The Five Commandments of DLC

DLC, or downloadable content, is big business. In theory, it sounds great for both games developers, publishers and gamers. After all, who doesn’t want the opportunity to get more out of of their favourite gaming experiences? Additional levels, extra weapons or vehicles, without the full cost of buying an entirely new title?

The game as shipped should be a complete, functional experience that does not require DLC to be fully appreciated

In practice though, DLC is a hotbed of contentious issues. A recent trend in gaming is the “shortcut” type DLC, and these seem to infuriate gamers most of all. These shortcuts simply allow you, the player, to exchange more of your real money to unlock items, weapons etc, that could just be unlocked by playing the game. These shortcuts lead to some fantastic headlines in the gaming world, where excitable journalists point out that it is possible to buy a car in Forza or Real Racing that would cost you sixty or more of your hard earned pounds (although I suspect that many games journalists find this particularly annoying because their own cars aren’t actually worth £60).

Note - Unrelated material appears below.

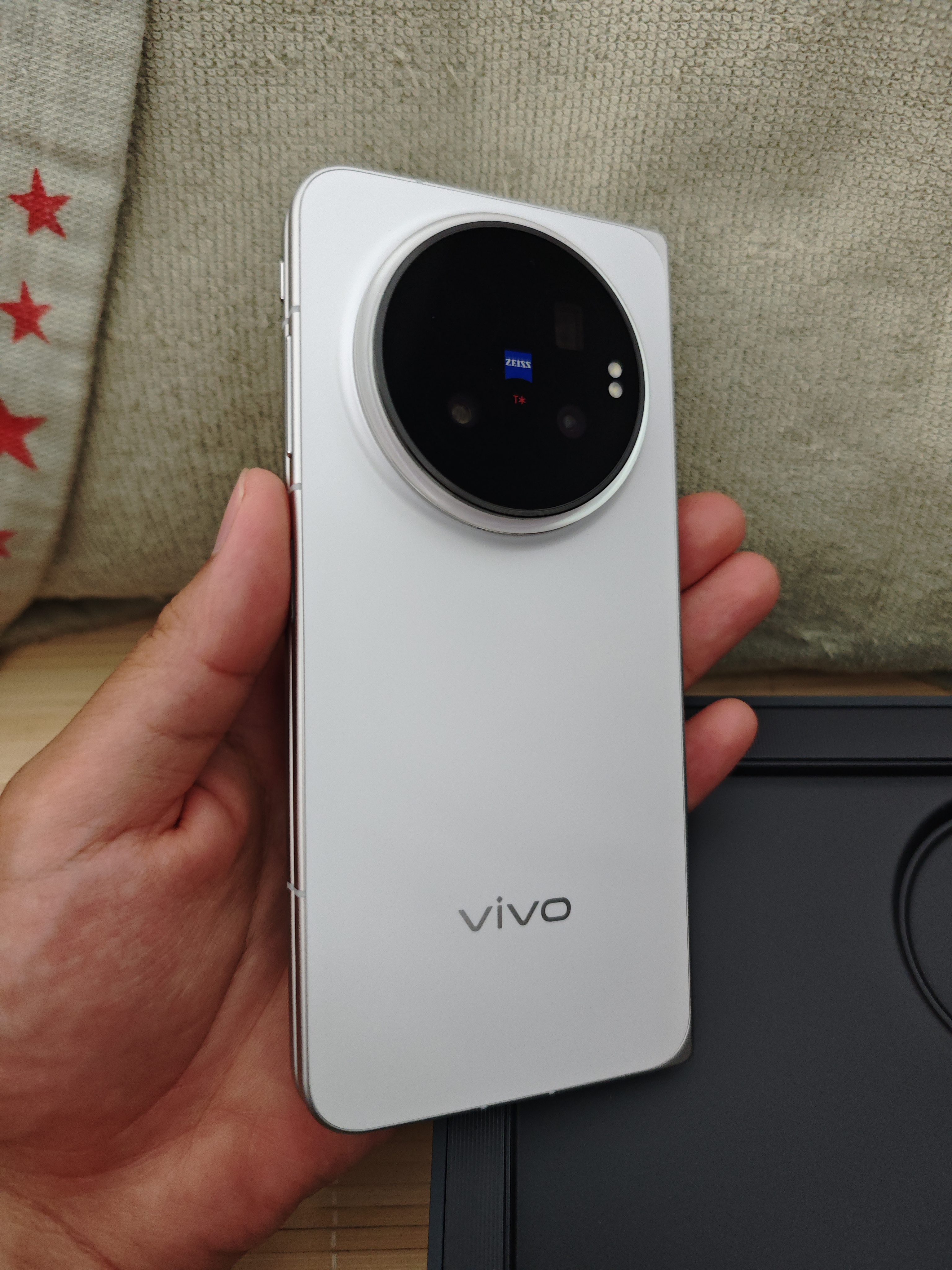 vivo X Fold6 12GB+256GB 盐湖 原子工作台 蔡司2亿超级主摄 等效7000mAh蓝海电池 AI折叠屏手机 实拍图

Bad DLC summed up in one photo.
Bad DLC summed up in one photo.

Unfortunately the simple fact is, the reason companies offer these items for sale is because a small percentage of people will buy them. And if you had the opportunity to sell an item like that, wouldn’t you take it? Zero effort, much reward?

To try and encourage DLC to be done right, here are my rather grandiosely named “The Five Commandments of DLC”:

1) Don’t put it on the disc

If you put locked content that you later sell access to on the disc, you look kinda greedy and stupid. If it’s ready when the disc goes out, surely it should be in the main game? And even if the content was always planned as DLC and is ready when the game is, keep it separate so players at least feel like they’re getting something for their £9.99.

2) Don’t force us to buy it

The game as shipped should be a complete, functional experience that does not require DLC to be fully appreciated. Dead Space 3 got a lot of grief for having microtransactions when it came out, but I played it and at no point did I feel I needed to pay any more money to make progress. There is one caveat to this, which is free-to-play games. As far as I’m concerned, if you don’t pay a penny for the game, then paid for DLC/microtransactions should be expected and you shouldn’t be at all surprised.

3) Don’t mix your models

As a free-to-play game is free to download, it isn’t unreasonable to expect advertising or microtransactions within to raise revenue. But don’t mix these up. If you charge even 69p for a game, don’t then put adverts in it or force your players to make extra purchases to actually make progress.

The Ballad Of Gay Tony: DLC done right, loads of content, multiplayer, single player, etc.
The Ballad of Gay Tony – DLC done right, loads of content, multiplayer, single player, etc.

4) Keep the quality high

Developers and publishers: selling shoddy DLC for a high quality game may seem like a quick win for you, but you’re ultimately just eroding your audience’s faith in your next title. No-one wants to look back on a brilliant game and only remember the piss-poor DLC. It’d be like having a fantastic meal and then instead of a nice chocolate mint with the bill, you get a steaming dog turd.

5) Sell different hats

I honestly don’t know why, but this definitely seems to work.